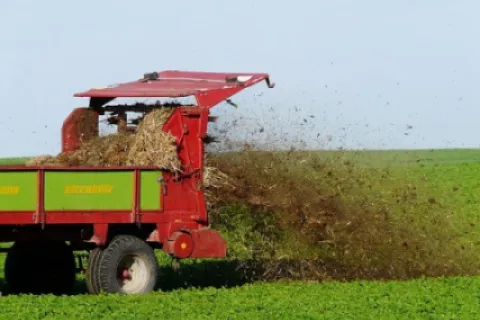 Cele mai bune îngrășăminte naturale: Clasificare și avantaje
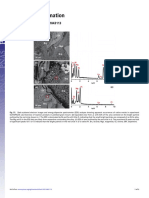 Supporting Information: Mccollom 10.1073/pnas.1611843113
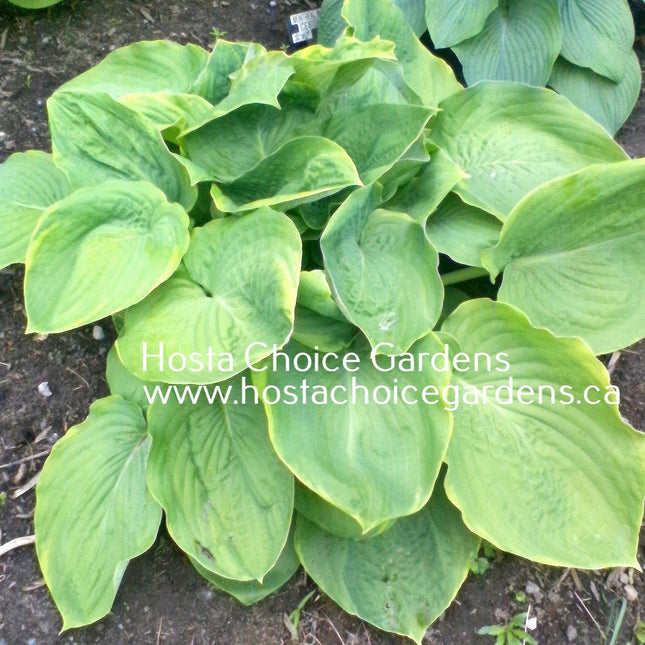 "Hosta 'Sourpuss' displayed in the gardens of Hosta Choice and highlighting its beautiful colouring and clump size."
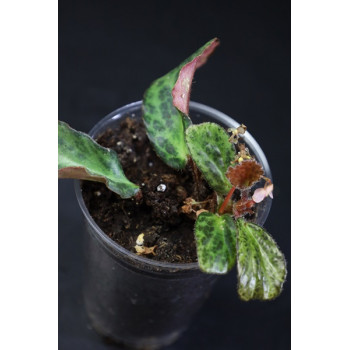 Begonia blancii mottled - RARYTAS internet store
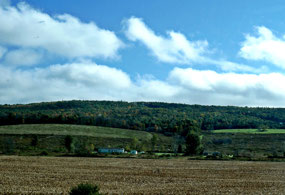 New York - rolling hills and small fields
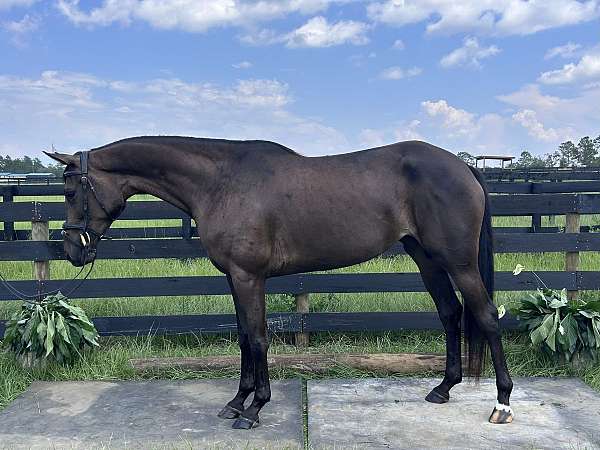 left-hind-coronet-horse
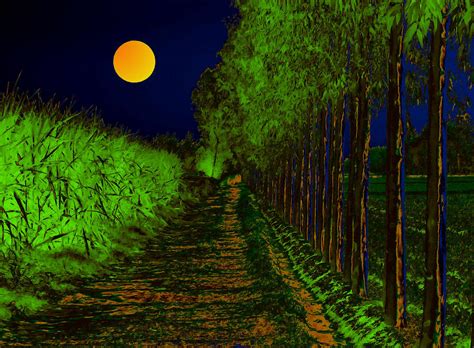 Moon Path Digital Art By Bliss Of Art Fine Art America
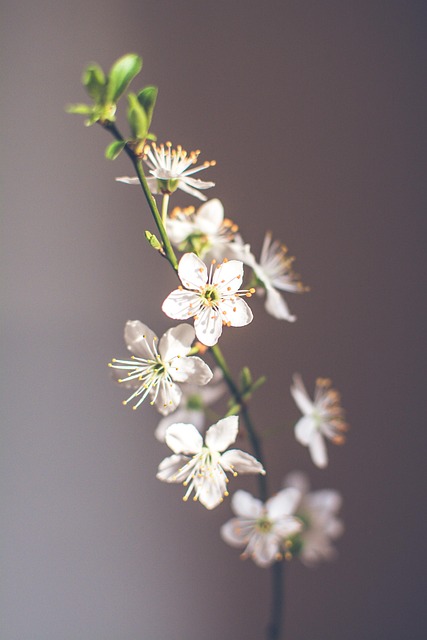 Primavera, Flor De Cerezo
---
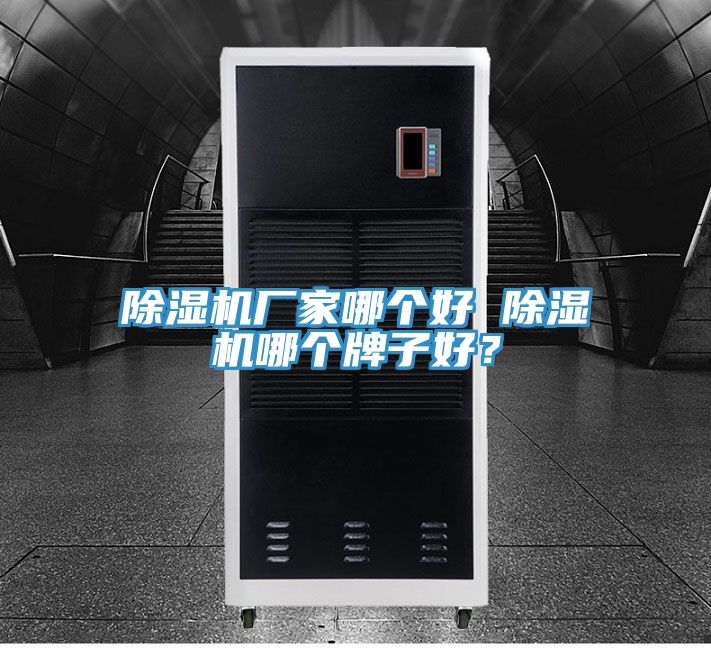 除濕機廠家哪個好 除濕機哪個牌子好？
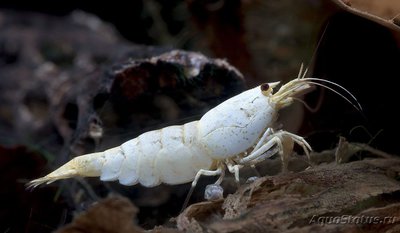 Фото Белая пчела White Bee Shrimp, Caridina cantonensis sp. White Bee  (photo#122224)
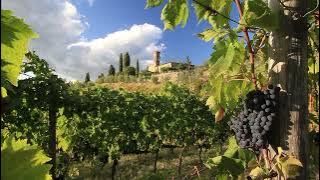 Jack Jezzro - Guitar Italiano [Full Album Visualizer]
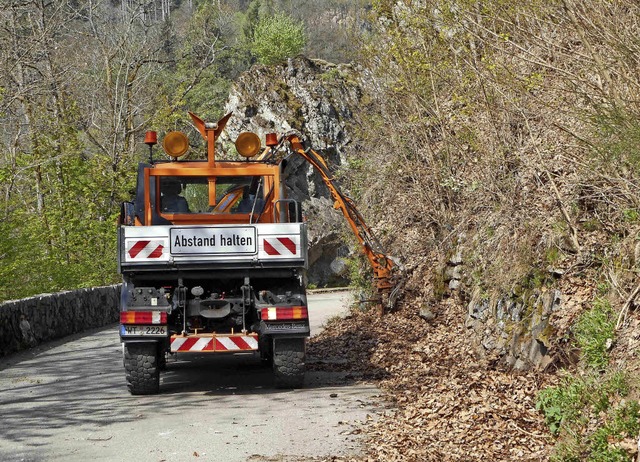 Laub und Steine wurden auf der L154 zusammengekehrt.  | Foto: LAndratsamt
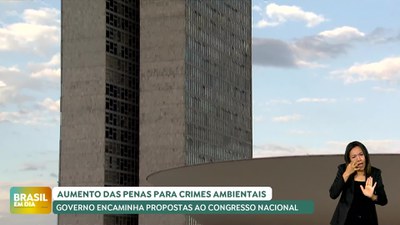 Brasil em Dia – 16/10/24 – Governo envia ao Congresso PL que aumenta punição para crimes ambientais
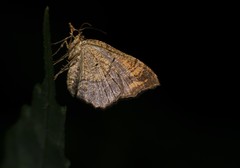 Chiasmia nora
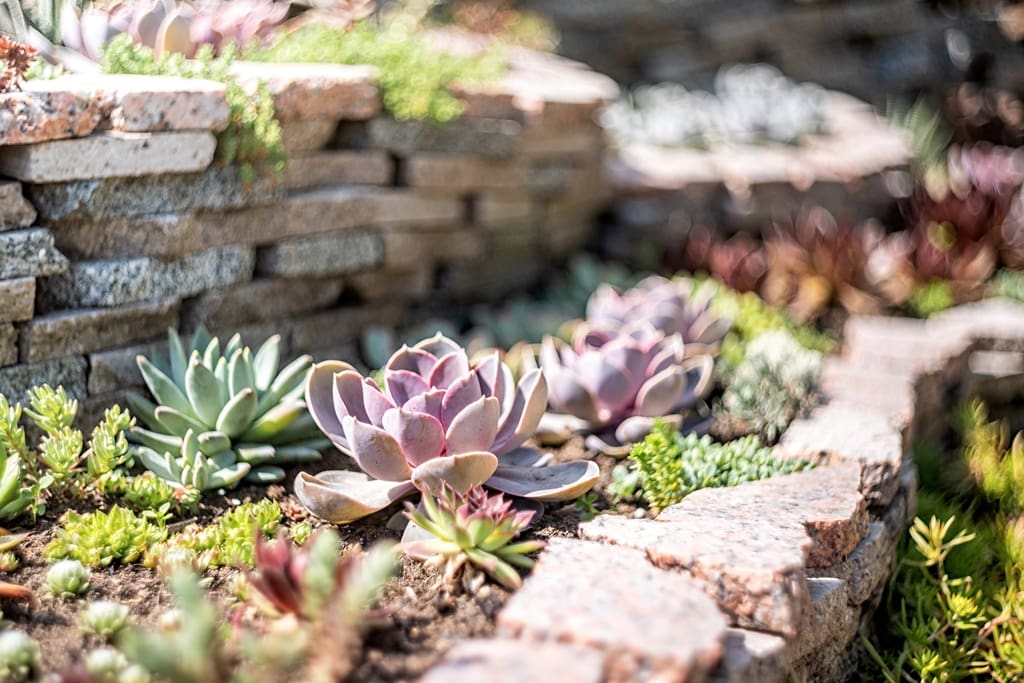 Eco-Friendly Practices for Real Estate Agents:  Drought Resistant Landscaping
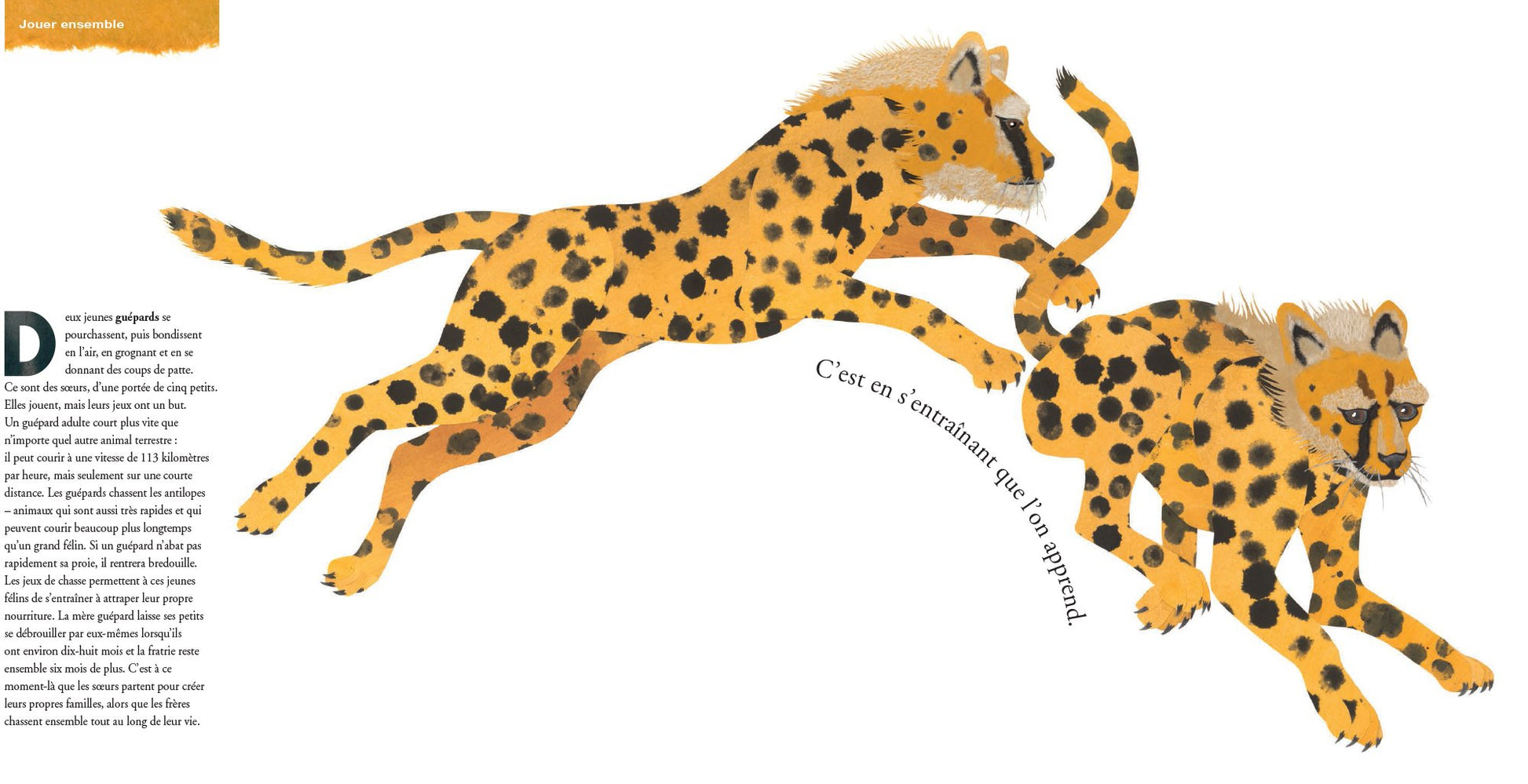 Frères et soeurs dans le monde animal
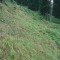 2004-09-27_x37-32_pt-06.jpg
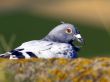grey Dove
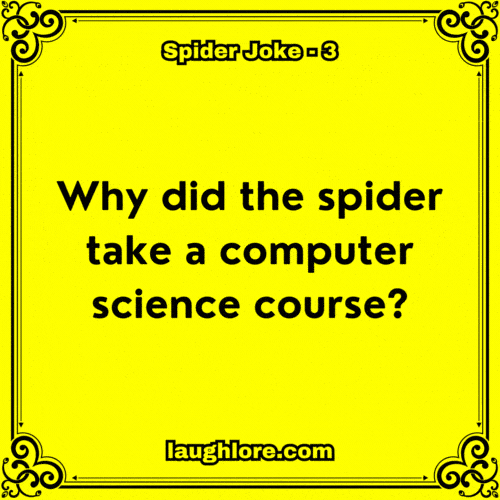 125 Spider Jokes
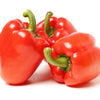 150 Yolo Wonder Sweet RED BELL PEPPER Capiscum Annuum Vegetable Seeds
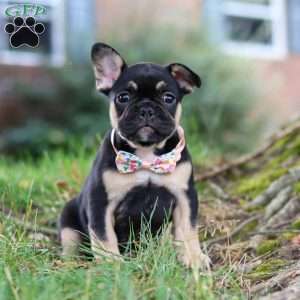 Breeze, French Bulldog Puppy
...
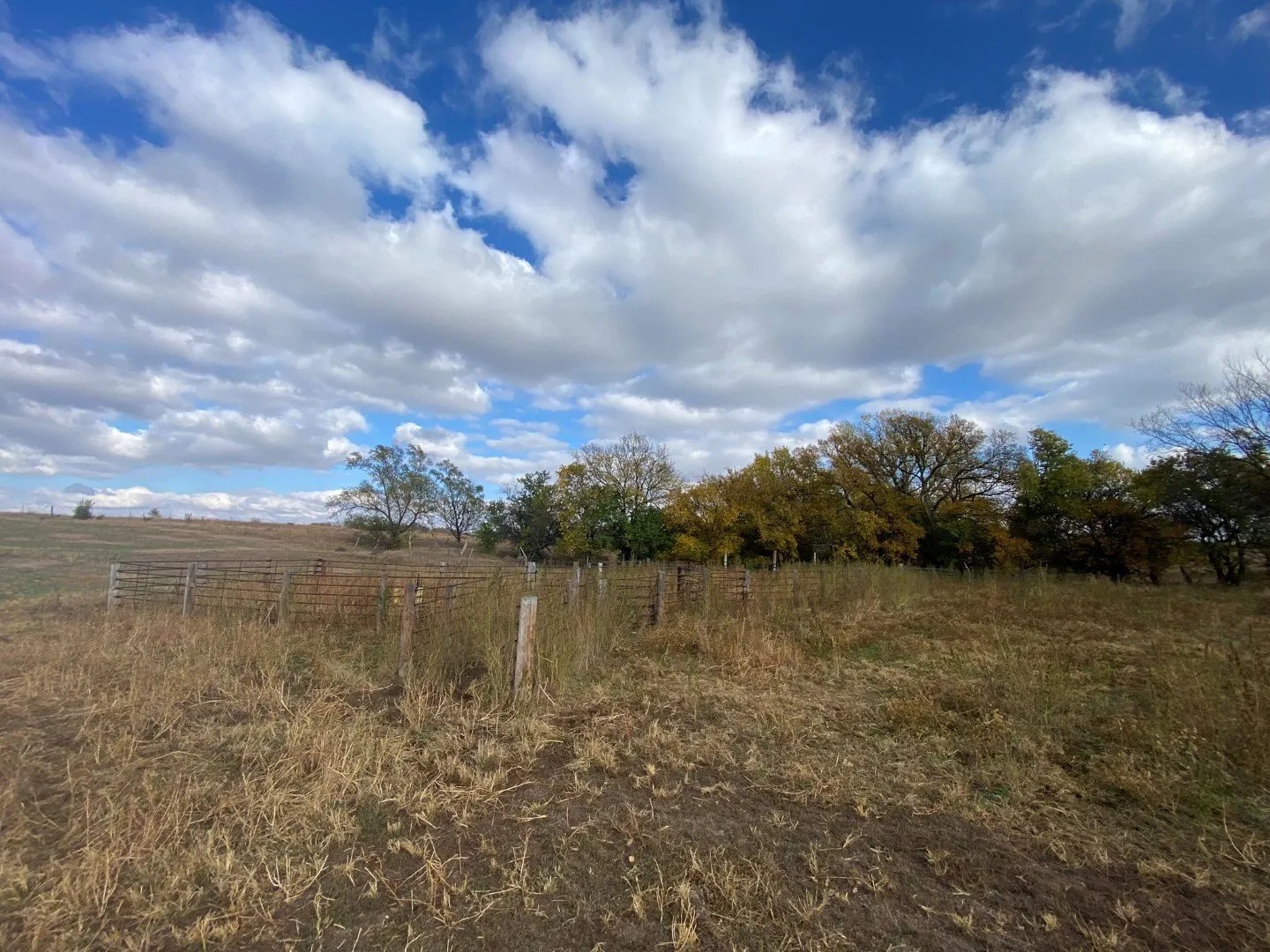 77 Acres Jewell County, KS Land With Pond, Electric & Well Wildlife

__What is needed__: Look above for the line with "Frères et soeurs dans le monde animal" and the line with "Breeze, French Bulldog Puppy", then restate exactly those two lines and all lines between them, with no pictures.

__Response area__:
 Frères et soeurs dans le monde animal
 2004-09-27_x37-32_pt-06.jpg
grey Dove
 125 Spider Jokes
 150 Yolo Wonder Sweet RED BELL PEPPER Capiscum Annuum Vegetable Seeds
 Breeze, French Bulldog Puppy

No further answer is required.